僕たちは缶ビールで乾杯した。久々に家族のぬくもりを感じる夜だった。テラスに出ると、まだキレイな三日月が輝いていた。
次の日、僕は朝一番に木綿子さんへメールをうった。
- 木綿子さんへ
- おはよう!
- 今日はね、木綿子さんに報告があるんだ。
- 色々悩んで考えた結果、独立して会社を立ち上げる事にした。
- まだ具体的ではないんだけどね、今からそれに全力で向かっていこうと思ってる。
- 実はこの1年、色々あってね。
- 夫婦の関係も表面的なものになってて、お互いに何かに蓋をして、そこに触れないように通り過ぎていくような関係になってしまってたんだ。
- ちょうど1年前に、妻が仕事をしたい!って言いだしてね。
- 僕は女は家にいるものだ・・・なんて言う古典的な人種だから簡単に拒否しちゃってね。
- 僕にすればすごく軽い気持ちではあったんだけど、彼女にしてみれば子育てやら何やらで相当なストレスを抱えた中で、自分の時間すら自由に持てず、人生の変化を求めたと思うんだよ。
- で、思い切って一歩踏み出そうとしたのを、僕が簡単に拒否してしまったものだから、ふさぎこむようになってしまってね・・・。
- でも、それでも、僕はそういう事に気づいてあげれていなかった・・・。
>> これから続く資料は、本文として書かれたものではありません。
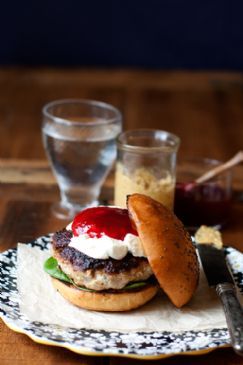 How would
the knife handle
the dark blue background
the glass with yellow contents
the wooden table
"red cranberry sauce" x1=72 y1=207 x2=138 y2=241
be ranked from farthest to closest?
the dark blue background, the glass with yellow contents, "red cranberry sauce" x1=72 y1=207 x2=138 y2=241, the wooden table, the knife handle

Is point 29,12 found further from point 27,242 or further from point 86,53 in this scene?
point 27,242

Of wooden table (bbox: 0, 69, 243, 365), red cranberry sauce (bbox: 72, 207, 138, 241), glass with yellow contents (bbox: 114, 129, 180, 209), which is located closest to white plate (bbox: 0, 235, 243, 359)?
wooden table (bbox: 0, 69, 243, 365)

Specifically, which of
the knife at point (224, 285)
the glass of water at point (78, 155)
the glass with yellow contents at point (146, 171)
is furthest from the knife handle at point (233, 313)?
the glass of water at point (78, 155)

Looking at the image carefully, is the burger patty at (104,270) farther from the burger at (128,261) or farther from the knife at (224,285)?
the knife at (224,285)

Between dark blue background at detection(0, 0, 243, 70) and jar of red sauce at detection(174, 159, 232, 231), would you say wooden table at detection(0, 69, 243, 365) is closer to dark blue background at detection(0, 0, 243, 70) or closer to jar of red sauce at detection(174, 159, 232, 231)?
jar of red sauce at detection(174, 159, 232, 231)

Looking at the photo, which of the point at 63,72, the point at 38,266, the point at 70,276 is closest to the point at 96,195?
the point at 38,266

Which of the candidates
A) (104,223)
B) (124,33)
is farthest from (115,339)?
(124,33)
本当にダメな旦那だよ。
- でも今回そんな僕の心の重い扉を開いてくれたのが、木綿子さんなんだ。
- 本当にありがとう。
- 木綿子さんの言葉に、僕は自分の人生を見直すきっかけを与えてもらった。
- 本当に感謝してる。
- 今日はそれが言いたくて、メールしました。
- ありがとう。
- 優也
朝、家を出て北野坂にでた僕は、キラキラ降り注ぐ太陽に背伸びをした。